The Firenze carries the same Lightspeed warranty as one that costs ten grand, so don't worry about corner-cutting. I hesitate to call any two-thousand-dollar bicycle a bargain, but it compares very well against other bikes in the $1500-2500 range. It's responsive and comfortable. It's equally enjoyable on quick training rides and centurys. And so far, everything is holding up well.

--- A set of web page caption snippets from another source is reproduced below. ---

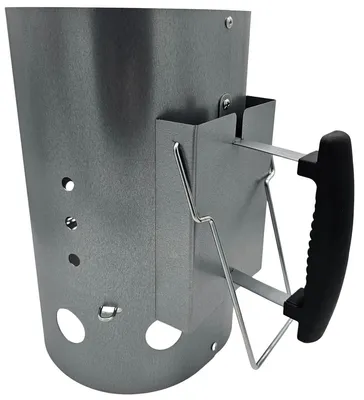 Produktbild von Bambelaa! Grillkohleanzünder Premium Silber mit Kunststoffgriff Stahl Grillkamin (ca.19 cm Durchmesser, 30,5 cm hoch)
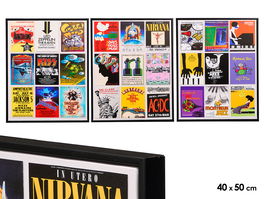 Giftdecor Cuadro Musica Surtidos 40x50 cm con Marco Negro, Canvas y Madera MDF (Set de 6)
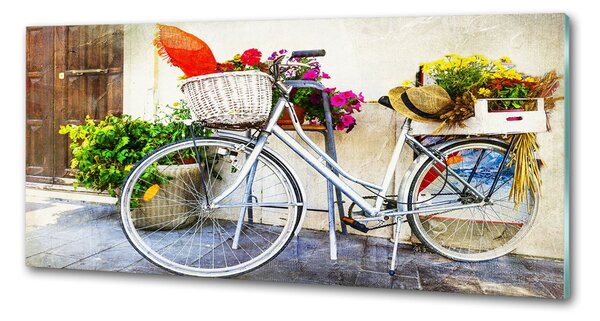 Sticlă pentru bucătărie bicicletă alb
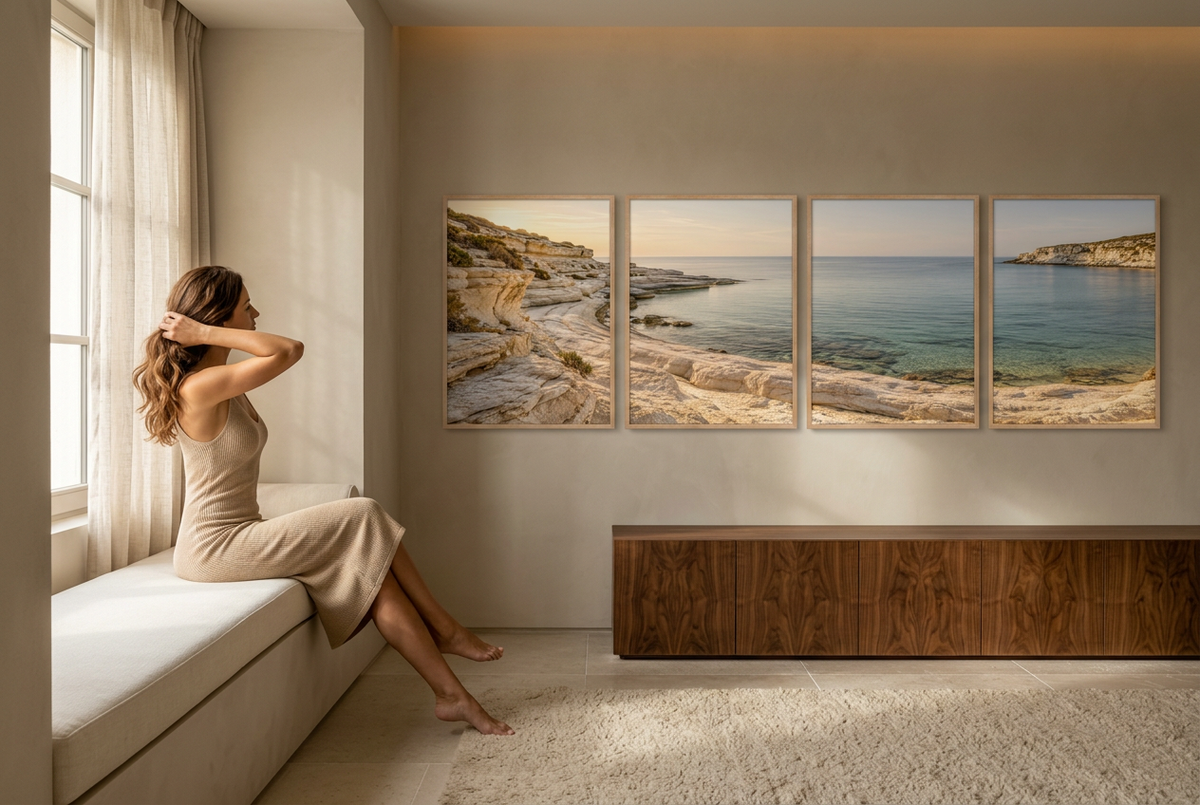 De Kalkstenen Baai — vierluik voor aan de muur: kalkstenen baai en turquoise zee, met een vrouw in de kamer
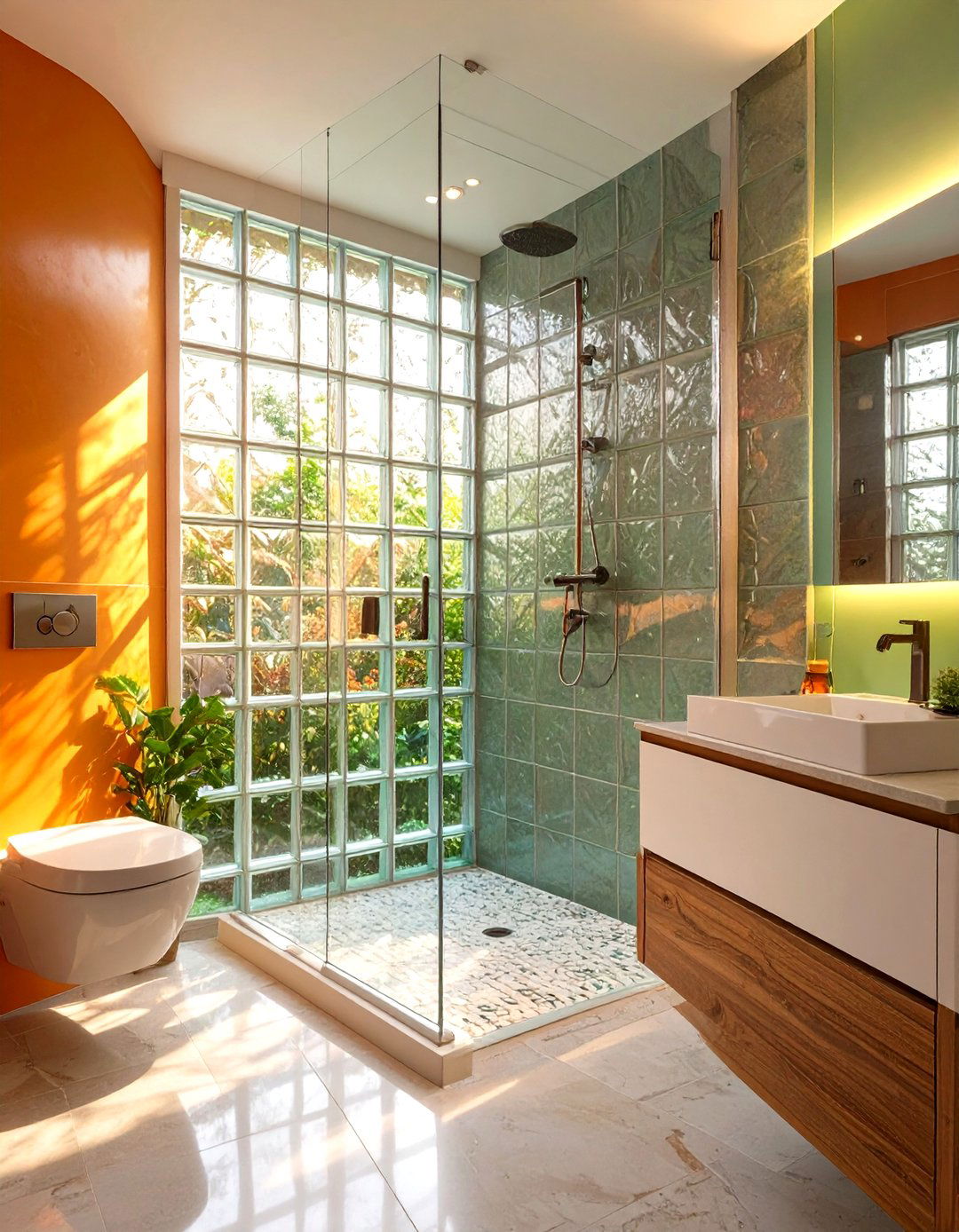 Glass Block Wall for Privacy and Light - 30 small bathroom remodel ideas with shower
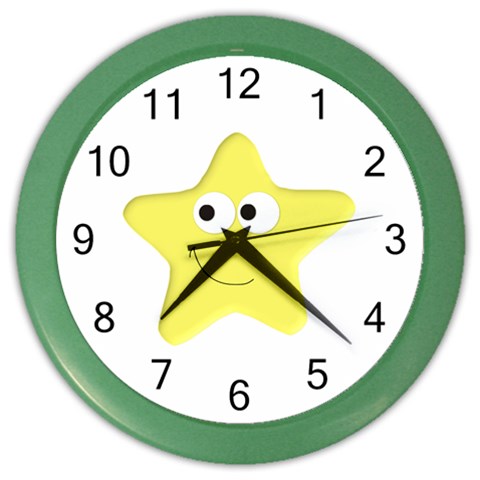 Happy Star Color Wall Clock from ArtsNow.com Front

I did nix the stock Lightspeed saddle, though.

--Rick 



JohnnyCat said:


> Does the Firenze lack major quality in the material it uses or the welding process? I am not a big beliver in all these different tube shapes(neither is Seven or Serotta). It seems like Seven and Serotta though do swear by cold working. Is the only reason the bike is so cheap is because it doesn't have the GET or cold worked tubes. What exactly is cold worked, and does it make a huge difference? How is this bike different from Tuscany's of years past that just used straight round tubes? Would the difference just be the cold working aspect? Could someone explain what butted means? Serotta brags triple. Seven and many others claim double. Is single butted standard or is it possible to have no butting at all?
> 
> Has any body ridden the Firenze or Solano? How do they ride compared to equally priced steel or to high end Ti bikes?
> 
> Thanks John


----------